Mesdames Edward T. Stotesbury and Alexander W. Biddle of Philadelphia; Mrs. Horace E. Dodge of Detroit; Messrs. Samuel M. Vau-clain (Baldwin Locomotives), John S. Pillsbury (Pillsbury Flour) and Harry S. Black (The Plaza) . . . . H. R. H. the King of Greece . . . . H. H. the Countess of Lauderdale (England) -- in trim aristocratic capitals the names were printed, not upon a list of opera patrons or letterhead of a new relief fund, but upon a most elegant double-page spread in the New York Times last week, advertising the latest, the very last thing in Florida realty-- "the Floranada Club." An organization entitled the American-British Improvement Corporation, with a coat of arms showing eagle and lion rampant beside the sovereign seal of Florida, proclaimed "a Biarritz in the building . . . small, smart, exquisite . . . whose founders read like a page from the social register." A tract of 3,600 acres midway between Palm Beach and Miami was in hand. There was ocean frontage with the Gulf Stream only 3 miles offshore. There were the Dixie Highway, the East Coast Canal, the East Coast Railway, and hard beside, Fort Lauderdale with a fine natural harbor.
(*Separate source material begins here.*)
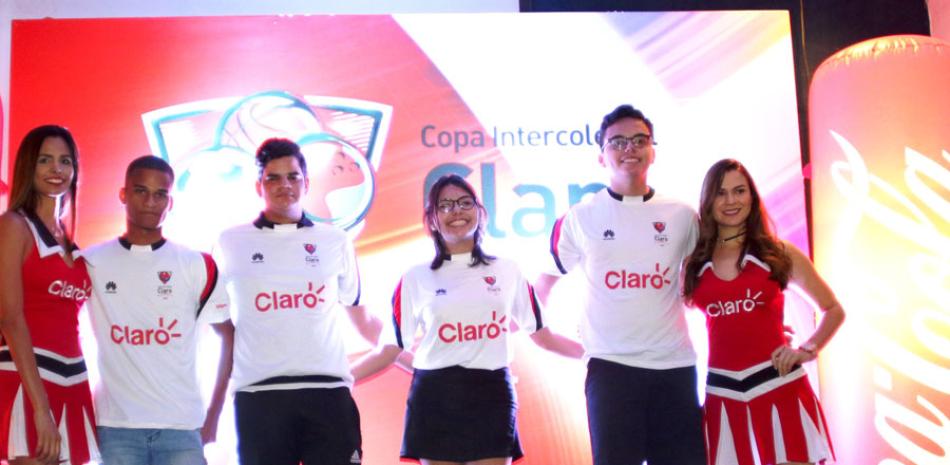 Integrantes del equipo Marvel, del colegio Los Arbolitos, que clasificó para la Gran Final de la Copa Intercolegial Claro de Boliche 2017.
Architecture was to be of the Mediterranean-Caribbean type, carefully supervised so that "each house, however simple, shall be an artistic gem." Though great estates were being planned--golf clubs, yacht club, huge hotel, casinos--particular attention was being paid to modest private establishments. The public was invited to buy lots as low as $4,000. But "background counts as much as money . . . for society, the came society that decreed the rise and success of Europe's famous watering place--Biarritz--has decided to have its new playground in Florida . . . a cosmopolitan paradise . . . impeccable social and financial powers. . . . Already steamships are plying. . . . Society does not care to wait."